I bring this up for a number of reasons, but the main one is that said song has never appeared in stereo anywhere to my knowledge, including every previous CD reissue of the Camel's original album., of which there have been several, both domestic and imported. I don't know the provenance of that, but as Cristina Applegate famously said on Married With Children, you could have knocked me over with the weather when I discovered it on YouTube quite by accident over last weekend. I have literally been waiting 53 years to hear it, and I'd say I can finally die happy except that I have no intention of shuffling off this mortal coil any time soon, or at least till I hear some other heretofore unknown to me stereo versions of records I fetishize (a subject for another posting).

A brief historical note: As you can hear, "Treadin'" is quite a little masterpiece of its era -- those classically influenced guitars on the instrumental break just blow me away -- but the Camel, as I said up top, is one of the most criminally overlooked bands ever, important both historically and musically. Short version: They were the first underground San Francisco band (they were huge on the ballroom circuit, right up there with the Airplane, the Dead, et al) to score a Top 40 hit (the aforementioned "Hello Hello").

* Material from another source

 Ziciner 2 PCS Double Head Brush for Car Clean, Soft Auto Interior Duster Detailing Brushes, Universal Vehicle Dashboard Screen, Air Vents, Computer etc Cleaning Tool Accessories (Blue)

I should add that the aforementioned "Hello Hello"...

...was also the first Top 40 rock hit featuring a bass solo, let alone a great one.

I should also add that their follow up single -- which actually was a minor radio hit -- is another folk-rock masterpiece. Seriously, if this doesn't make you swoon check your meds.

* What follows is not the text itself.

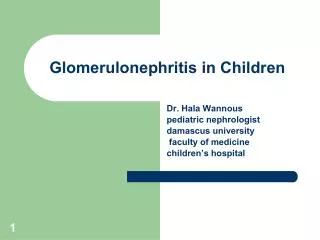 Glomerulonephritis in Children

Okay, I'm obviously a little obsessive on this subject, so I will simply close with this live version of "Hello Hello,' from 2011, featuring the Camel's great lead singer Peter Kraemer (or as I like to refer to him, the sardonic sounding American version of Colin Blunstone).

Damn, I would kill to be as cool as that guy at his age.

More hump related stuff tomorrow. Hey, like I said -- I'm getting obsessive on this subject.


MJConroy said...

I bought the Sopwith Camel lp way back when in the cutout bin as I always loved Hello, Hello and Postcard from Jamaica (heard them both on the radio in Cleveland - even remember hearing them do a live interview on WHK). "Frantic Desolation" is my favorite track from the lp.
I played a couple tracks from Miraculous Hump Returns from the Moon on my college radio show - don't recall which ones.

Anonymous said...

I think we should all be grateful for Erik Jacobsen.

ChrisE said...

Obsessed? Fetishistic? History? Minutiae? Chasing stereo mixes?? A record collector??? No wonder I've loved you all these years.


steve simels said...

Funny you should mention Erik Jacobsen.

A good friend of mine lives in the same building as Joe Butler of the Lovin Spoonful, and when I was researching the Camel piece I wondered what had become of EJ. She asked Joe, and I was happy to hear that although he has some health issues, he is still alive and well and living in California.

Mark said...

MJConroy mentions The Miraculous Hump Returns From The Moon, a wonderful album that I owned on LP and currently on CD. In 1973, I saw Sopwith Camel at the old Bitter End, on tour to promote Miraculous Hump. I remember getting there early with two friends to meet the band members, and while we were waiting, Peter Kraemer roller-skates (?) in. He was anything but a star. There's a well-written NYT review of the show at, though you may need a login and pw to see this archival piece.

Mr.Murder said...

Camel Sutra?
Looks like u found who helped most inspired Modest....

Reg said...

Susan Cowsill did a spirited cover of "Hello, Hello" on her family's one live album. She was about ten at the time. She's sixty now!